Le Quartet avec Israël
Le Quartet réaffirme la nécessité de la reconnaissance d'Israël par le gouvernement palestinien
Le Quartet sur le Proche-Orient (Union européenne, Etats-Unis, Russie, ONU) a réaffirmé, vendredi soir, la nécessaire reconnaissance d'Israël par le prochain gouvernement palestinien d'union nationale.
"En attendant la formation du nouveau gouvernement, le Quartet réaffirme sa déclaration du 2 février dans laquelle elle apportait son soutien à un gouvernement palestinien engagé à renoncer à la violence, à reconnaître Israël et à accepter les accords et les obligations passés, y compris la Feuille de route"
La position des Etats-Unis n'est pas surprenante, mais par contre, que les autres membres du Quartet s'alignent sur celle-ci est scandaleux.
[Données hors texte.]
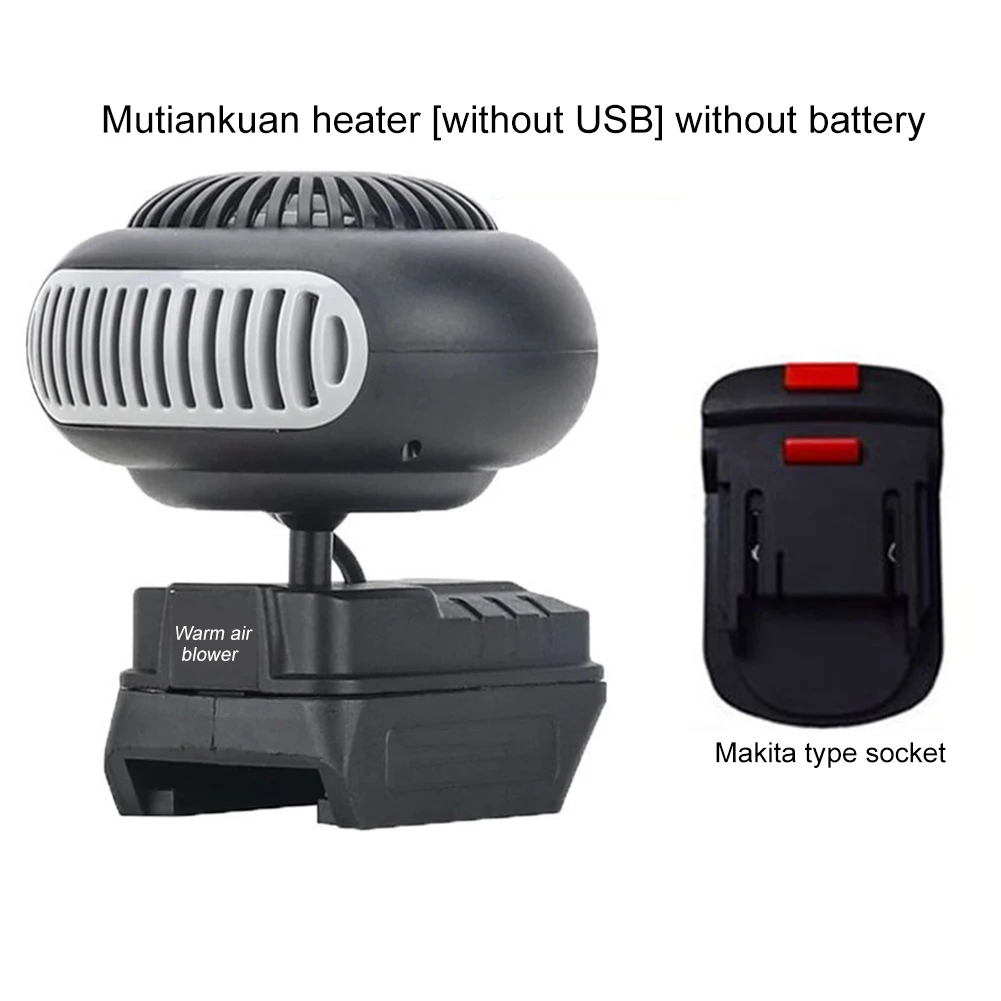 

170W Portable Small Space Heater Battery Powered Desktop Heating Fan Adjustable Thermostat Space Heater for Cold Weather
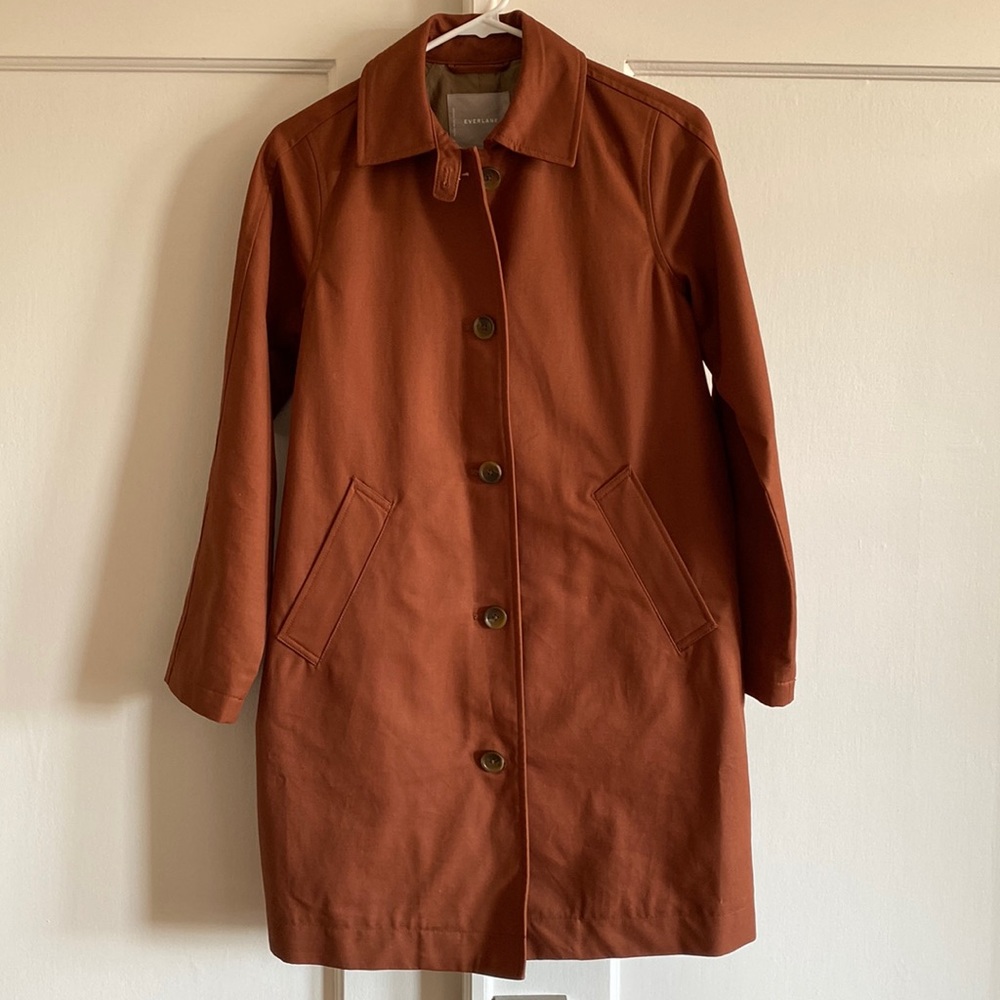 Everlane Mac Coat Cocoa Brown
Il y a toujours deux poids et deux mesures dans le traitement du problème israélo-palestinien : on exige des Palestiniens qu'ils reconnaissent Israël avant toute négociation, mais on ne demande pas à Israël une quelconque réciprocité.
Quel Israël les Palestiniens devraient-ils reconnaître ? Pourquoi ne pas le dire clairement ? Il y a clairement une expression tabou : la ligne verte. Tout le monde agit comme si le problème des frontières d'Israël n'était pas la question essentielle. C'est aussi pourquoi personne ne dénonce le double langage d'Israël. Et encore une fois c'est aux mêmes que l'on demande de céder.
Il faut bien que tout le monde comprenne que l'on arrivera à une paix durable que par un accord équitable qui respecte les droits des deux parties. Cela passe obligatoirement par le retour d'Israël aux frontières internationalement reconnues, celles de 1967 : la ligne verte.
Tant que les Etats-Unis voudront imposer le point de vue d'Israël avec la passive complicité des autres pays, il n'y aura pas de paix dans cette région du monde.